If this sounds complicated, it’s not. If you live in a city, or even a suburban area, most of the surfaces around you are dark and impervious. Such watertight surfaces only facilitate flooding and result in mold along with increased asthma, allergies, sick days and missed school days. Dark surfaces like roads, roofs and parking lots absorb the vast majority of sunlight, turning it into unwanted heat. This heat raises the cost of air conditioning and prevents people from spending time outdoors, resulting in increased crime, higher energy bills and less exercise.

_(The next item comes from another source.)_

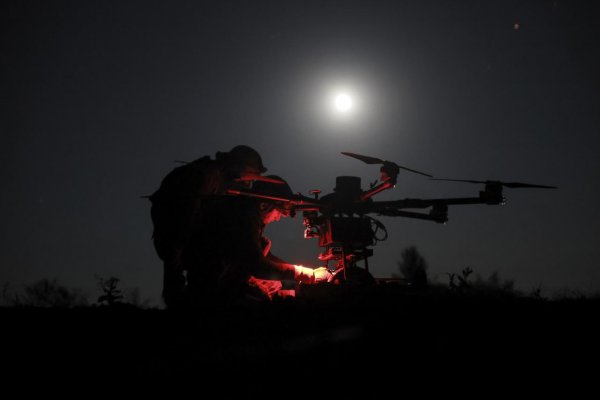 Protikorupčné úrady na Ukrajine odhalili korupčnú schému pri nákupe dronov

The solution? Smart surfaces: an integrated strategy that allows cities to more intelligently manage sun and rain with reflective, green and porous urban surfaces, along with trees and solar photovoltaics (PV). Deployed in every city, these surfaces mitigate heat, reduce flood and mold risk, as well as improve health — with the greatest benefits in historically marginalized Black and brown communities.
If this sounds simple, it should. There are hundreds of reflective surfaces available for roofs and roads that smarter cities are beginning to adopt. With permeable pavements, rain gardens, green roofs and trees, cities can also improve stormwater management while cutting urban heat. Heat reductions from smart surfaces are even larger in low-income areas and mostly vulnerable Black and brown communities that are impacted the heaviest from climate crisis.